La atracción emocional y afectiva hacia una persona determinada puede describirse como un deseo de aproximación, de unión, de comunión con ella. Y ese deseo no tiene su origen en el sujeto, es decir, en el que lo experimenta, sino que, por el contrario, nace en el objeto considerado en nuestro caso -en la persona que nos atrae-.

En la fenomenología del amor humano podemos afirmar con razón que esa persona que nos atrae llama. Y llamar de esta manera significa hacerse presente para darse a conocer, despertar en nosotros interés y aceptación, hacerse desear.

Dios nos llama mostrándosenos como el grande, inmenso y único valor capaz de satisfacer nuestras ansias de unión, de intimidad y de comunicación.

Todos los amores humanos a personas y cosas acaban por decepcionar la profunda exigencia del corazón del hombre, tal como dice san Agustín por propia experiencia: «El corazón del hombre está inquieto, y no descansará hasta que descanse en Dios».

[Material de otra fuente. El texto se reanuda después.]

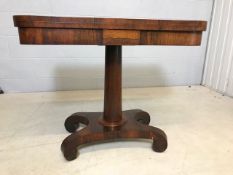 Walnut veneered card table on pedestal base with green baize, approx 92cm x 45cm x 72cm tall (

El amor que Dios nos tiene es tan grande, que literalmente él nos ata a sí. El comportamiento de Dios para con nosotros es semejante a aquel con el que la madre ata a su hijo consigo misma con los lazos de su innato amor materno. En definitiva, que nadie puede resistirse a un amor tan atractivo y seductor.

Si realmente prestamos atención a nosotros mismos, es imposible no escuchar la voz misteriosa, delicada, seductora y, al mismo tiempo, poderosa y muy tenaz que nos llama al encuentro. El Señor nos hizo para él. Por eso jamás se desinteresará de nuestro destino. Constantemente nos persigue con amabilísima y seductora importunidad. Ni de día ni de noche nos deja de su mano. Siempre nos sigue la pista. Siempre nos sigue de cerca. Nunca nos pierde de vista. ¡Oh, si supiésemos ver y escuchar!…

¡Estimado lector! Si lees estas páginas con interés, supongo que eres uno de esos privilegiados -cristiano, seglar, sacerdote o religioso- que Dios llama para estar más cerca de él.

¿Por qué esta distinción y regalía? Éste es un misterio de su amantísimo corazón. Como nosotros, los hombres, él tiene sus preferencias. Y podemos suponer que su predilección es por aquellos que son internamente más sensibles a sus gestos, a sus palabras. A la menor señal de correspondencia por nuestra parte, él, por así decir, moviliza toda su generosidad y benevolencia para conquistarnos definitivamente. Y no se deja vencer en generosidad. Nos gana, sencillamente, por la grandeza de su munificencia, por la riqueza de sus dones.

Sería extremadamente difícil, si no imposible, amar a Dios si no supiéramos que él nos ama por encima de cualquier medida imaginable. No contento con amarnos de esta manera tan maravillosa y tan incomprensible, él quiso incluso hacernos experimentar ese su inconmensurable cariño que nos tiene. ¡Cuánta gentileza por su parte!

La mejor respuesta que podemos darle será, ciertamente, el aprovecharnos totalmente de ese empuje, de ese vivo deseo que él pone en nosotros para que le acompañemos en el camino de la perfección.

Vivir con él, caminar con él, lo facilita todo. ¿No sería precisamente esto lo que Jesús nos quiso dar a entender cuando dijo: «Venid a mí todos los que estáis cansados y yo os aliviaré»? (Mt 11,28).